I'm a lucky guy. I get to make my living largely with my mind. It wasn't always that way for me. I started working young, and I worked several physically hard jobs. I think of those jobs when someone with a cushy tech position complains about how hard the work is or how long the hours are. When someone really pitches a fit or just manages to get under my skin, I think about the hardest working man I've ever known.

I don't remember his name. I feel bad about that. He deserves more respect from me than that, but there it is: I can't remember his name.
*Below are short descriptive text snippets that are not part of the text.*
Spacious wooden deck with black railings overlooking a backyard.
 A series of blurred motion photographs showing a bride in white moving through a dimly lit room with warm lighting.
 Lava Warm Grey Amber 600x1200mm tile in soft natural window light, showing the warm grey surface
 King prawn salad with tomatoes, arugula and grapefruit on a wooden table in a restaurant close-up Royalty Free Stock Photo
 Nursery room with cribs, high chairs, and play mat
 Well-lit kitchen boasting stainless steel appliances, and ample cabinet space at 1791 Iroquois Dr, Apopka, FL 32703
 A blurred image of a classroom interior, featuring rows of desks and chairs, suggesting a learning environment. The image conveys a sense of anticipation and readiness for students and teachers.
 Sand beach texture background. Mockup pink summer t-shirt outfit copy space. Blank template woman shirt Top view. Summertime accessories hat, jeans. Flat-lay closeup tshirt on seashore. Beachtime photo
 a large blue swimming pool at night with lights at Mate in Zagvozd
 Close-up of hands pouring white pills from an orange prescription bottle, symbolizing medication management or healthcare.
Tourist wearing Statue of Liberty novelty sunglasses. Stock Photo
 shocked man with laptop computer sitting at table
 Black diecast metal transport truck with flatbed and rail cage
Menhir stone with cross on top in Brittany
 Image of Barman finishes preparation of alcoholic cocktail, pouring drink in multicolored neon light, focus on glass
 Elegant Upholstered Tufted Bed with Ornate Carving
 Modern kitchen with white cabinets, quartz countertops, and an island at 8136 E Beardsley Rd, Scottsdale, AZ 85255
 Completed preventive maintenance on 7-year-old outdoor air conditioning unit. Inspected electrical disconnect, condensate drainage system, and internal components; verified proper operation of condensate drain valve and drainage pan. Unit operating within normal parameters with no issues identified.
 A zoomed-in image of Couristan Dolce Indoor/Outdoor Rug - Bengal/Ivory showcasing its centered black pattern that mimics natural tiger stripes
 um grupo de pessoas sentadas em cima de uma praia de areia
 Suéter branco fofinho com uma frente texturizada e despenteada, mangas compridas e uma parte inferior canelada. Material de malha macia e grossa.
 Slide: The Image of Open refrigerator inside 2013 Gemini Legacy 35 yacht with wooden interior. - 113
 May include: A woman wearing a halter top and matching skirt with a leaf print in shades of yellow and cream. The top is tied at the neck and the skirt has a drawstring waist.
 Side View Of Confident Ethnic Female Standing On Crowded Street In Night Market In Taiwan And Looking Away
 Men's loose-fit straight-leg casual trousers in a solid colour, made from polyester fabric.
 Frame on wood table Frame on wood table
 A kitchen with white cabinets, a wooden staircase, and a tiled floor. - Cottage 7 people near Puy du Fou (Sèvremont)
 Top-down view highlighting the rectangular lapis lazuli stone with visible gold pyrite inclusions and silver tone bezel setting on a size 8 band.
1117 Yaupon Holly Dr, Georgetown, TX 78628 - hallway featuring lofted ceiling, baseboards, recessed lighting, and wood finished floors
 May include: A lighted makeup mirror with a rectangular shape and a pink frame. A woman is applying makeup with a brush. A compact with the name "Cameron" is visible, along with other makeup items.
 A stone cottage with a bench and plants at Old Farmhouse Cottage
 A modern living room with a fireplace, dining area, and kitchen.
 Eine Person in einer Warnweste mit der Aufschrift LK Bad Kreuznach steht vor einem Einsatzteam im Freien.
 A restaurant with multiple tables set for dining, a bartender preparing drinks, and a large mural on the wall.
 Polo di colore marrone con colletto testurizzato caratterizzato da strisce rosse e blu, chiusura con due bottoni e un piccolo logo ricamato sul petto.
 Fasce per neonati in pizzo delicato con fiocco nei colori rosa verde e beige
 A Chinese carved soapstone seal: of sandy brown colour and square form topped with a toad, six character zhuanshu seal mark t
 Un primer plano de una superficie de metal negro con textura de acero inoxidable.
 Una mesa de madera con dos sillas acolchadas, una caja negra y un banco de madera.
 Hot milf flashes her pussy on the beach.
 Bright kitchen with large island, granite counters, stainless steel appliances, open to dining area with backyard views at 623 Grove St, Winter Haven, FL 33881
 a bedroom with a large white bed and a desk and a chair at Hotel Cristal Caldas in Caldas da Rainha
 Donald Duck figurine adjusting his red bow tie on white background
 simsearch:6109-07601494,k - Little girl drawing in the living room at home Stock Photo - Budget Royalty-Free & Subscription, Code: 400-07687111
I can, though, still picture him vividly. I met him the summer I was seventeen, when I worked construction in the scorching summer sun. He was just under six feet tall, all ropy muscles and tendons, almost no body fat, skin tanned like leather, hands so rough he might as well have been wearing work gloves, black hair in a buzz cut. When we had to move concrete forms--four foot by eight foot pieces of three-quarter-inch plywood with a three-quarter-inch piece of heavy foam covering one side--everyone on the site carried one at a time. Those suckers were heavy. You stood one up, squatted next to you, got it on your back, and walked it across the site to where the foreman told you to go.

He carried two. If he was pissed at something--we never knew what, because he never complained, but we could tell when he was angry--he carried three. Guys twice his size feared his strength.

We all worked from seven-thirty in the morning until four o'clock, or later if we were pouring concrete and couldn't stop or if the job demanded it; we were all hungry for the overtime. As soon as the foreman dismissed us, he left the site and drove straight to a gas station, where he worked until it closed at eleven. He then joined a demolition gang and worked until two or three in the morning, when he headed home and grabbed four hours of sleep. On the weekends, when the site was closed (we were working at a VA center), he worked only the other two jobs.

When I knew him, he had worked at least part of every day--and I do mean every day--for over twelve years.

I didn't come from money--far from it--and I was a hard worker, but he was a breed apart, and I was curious about him. Over the course of the summer, we talked a bit here and a bit there, and I got a little more information about him from the foreman.

He was the oldest of five kids. A few months after he turned sixteen, his parents and one of his siblings were in an extremely bad auto accident. I never learned how it happened, but what happened was clear: it crippled both parents and left the sibling forever mentally challenged. Neither his father nor his mother could ever work again.

The disability money from social security wasn't much, as you might expect, and they had no insurance, as you also might expect. This man dropped out of school and started working. He took care of his parents, he paid for everything he could, and he made damn sure that each and every one of his siblings finished high school and went on to some higher education, either a state university or the local community college. He was fiercely proud of their achievements--and he always spoke of it that way, their achievements, not his.

So I was sitting here tonight, feeling sorry for myself. My back pain has recurred big-time. I suspect I have a hiatal hernia. My weight is up sixty pounds in eighteen months from stress. I'm fretting over my novel, as always, wondering if I'm doing well enough. My kids are out of school and I worry about whether I can give them enough time, if I'm a decent dad. And so on.

As I often do in such moments, I thought of this guy, this man, the hardest working man I've ever known.

People who get to know me wonder what makes me so driven. They ask why I work so hard, care so much, act so fierce.

I'm not fierce, not really. I'm a wuss--at least compared to that guy. That guy taught me what it meant to work hard. I grew up largely without a father, but in him I saw what a man does to take care of those who are his to care for. I witnessed a truly noble sacrifice, a hero, an ordinary one but a hero nonetheless, not one of the super-powered heroes I loved in comic books but one whose only power was his utter determination to do what he believed he should.

I wish I remembered his name, but I don't, and I can't fix that. I've told his story to friends but never, before now, publicly. I can't honor him any other way.

Except this: I can try to teach others to carry their loads and do their jobs, and I can stop my complaining, get back to work, and try to be half the man he was.